When you think of gambling, your mind probably goes to high-stakes bouts of chance where fortunes can be won or lost in a split second. But, as you may have guessed from watching Chevy Chase in National Lampoon’s Vegas Vacation, not much in a casino is more carefully engineered than the slot machines. In fact, Schull reports that they account for more than half of the industry’s profits and are responsible for the majority of the public’s perception that casinos are seductive playgrounds where people go to win big money.
One theory that explains the popularity of slot machines is that near misses act as conditional reinforcers by approximating the feedback of a loss.

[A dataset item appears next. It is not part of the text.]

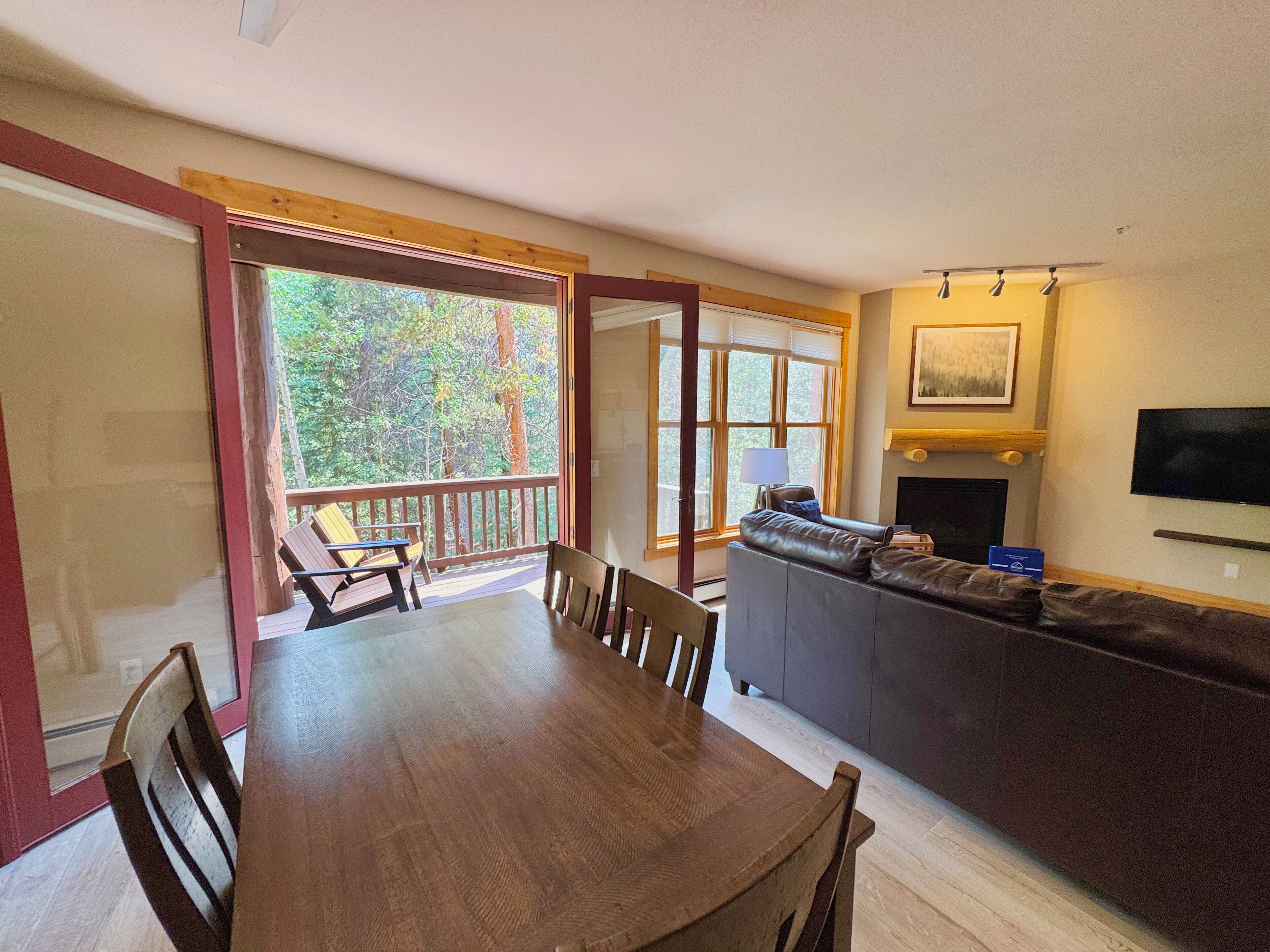 A dining area with a wooden table and chairs, a sofa, and a TV mounted on the wall.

This is said to increase the frequency of a person’s gambling response, but experimental tests have not confirmed this idea.
The most recent study to examine this hypothesis was by Kassinove and Schare, who had participants play a four-reel slot machine simulation for money. Then, they manipulated the frequency of near-miss presentations, giving some groups 15% and others 30% or 45% of chances for a near miss. After a set number of required trials, the machines stopped paying out wins. The 30% group showed the most persistence and a self-report questionnaire found that they were more likely to be willing to return and play in the future.
So, next time you see a slot machine, take a closer look at the layout to understand how it works. But don’t be like Clark from the movie, playing slots for hours on end. Instead, learn to appreciate the odds and use probability to make smart decisions.